↓↓↓

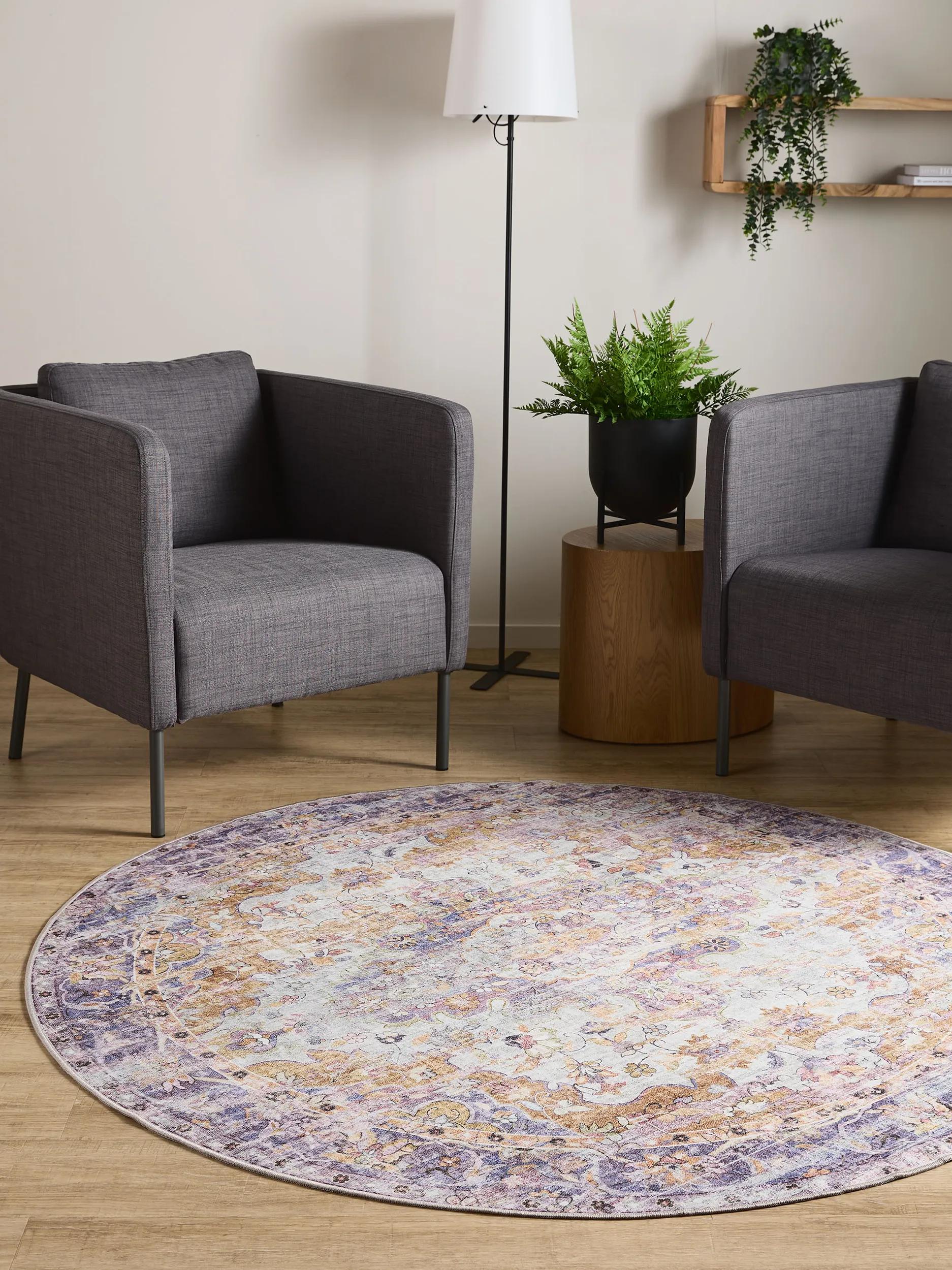 Waschbarer Teppich Gent Multicolor/Lila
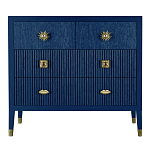 Бельевой Комод с 4 ящиками Elsa Dreams Blue варинант исполнения - 6 | Loft Concept в Челябинске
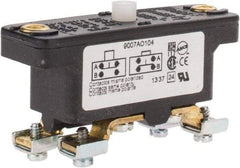 Square D - 0.25 Amp at 125 VDC, 5 Amp at 600 VAC, SPDT-DB, Basic Snap Switch - 600 V, Screw Terminal, 0.69 Lb Max Operating Force, 2-1/2 Inch High x 0.83 Inch Long x 1.03 Inch Wide, -20 to 185°F - A1 Tooling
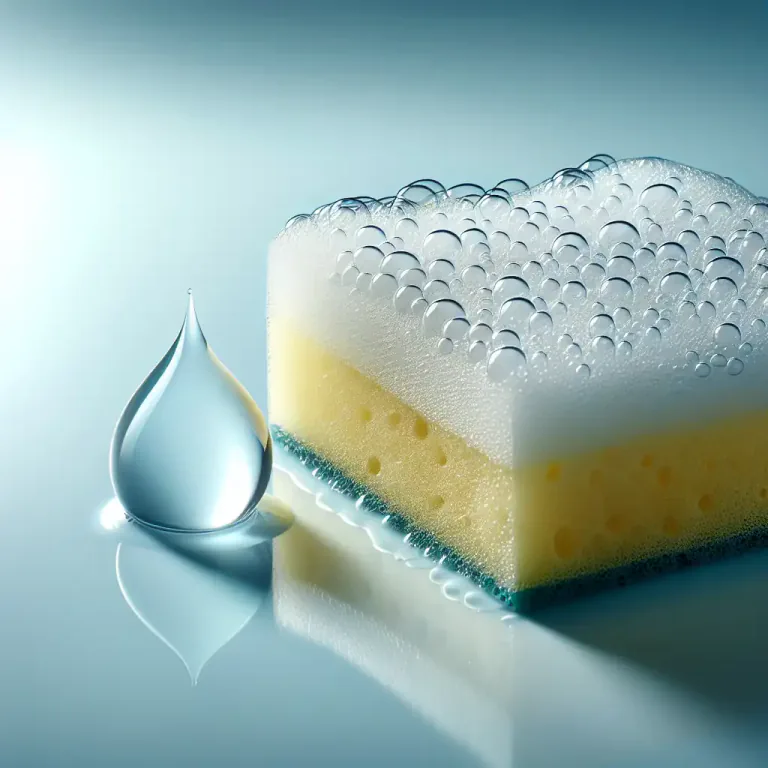 Visual representation of "detergent" - Having cleaning properties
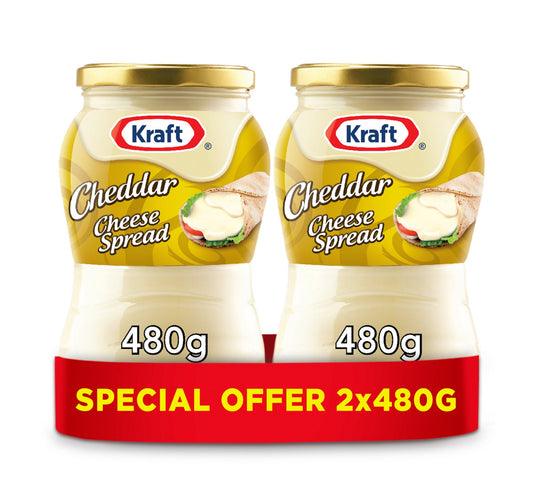 Kraft Cheddar Cheese Spread Original 2 x 480 g Lulu Hypermarket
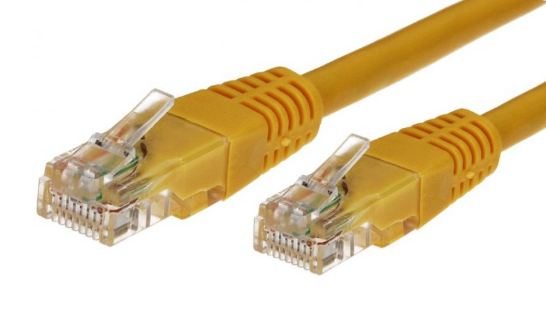 Obrázok TB Touch Patch kabel, UTP, RJ45, cat6, 2m, žlutý AKTBXKS6UTP200Y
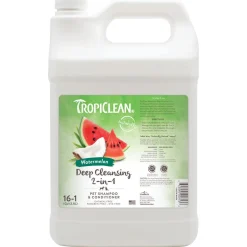 TropiClean Watermelon 2 in 1 Dog Grooming Shampoo and Conditioner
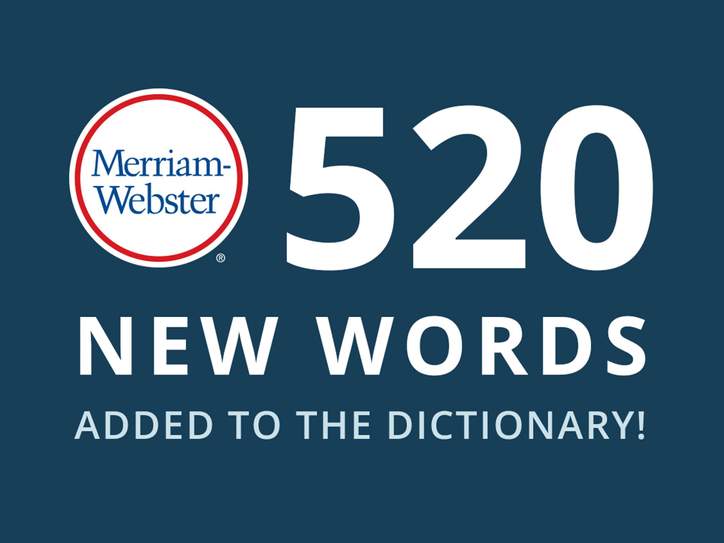 New Dictionary Words January 2021 Merriamster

↑↑↑

When pictures appear in the records above, leave them out and reproduce exactly each line from the first through the line containing "Бельевой Комод с", both included.

 Waschbarer Teppich Gent Multicolor/Lila
 Бельевой Комод с 4 ящиками Elsa Dreams Blue варинант исполнения - 6 | Loft Concept в Челябинске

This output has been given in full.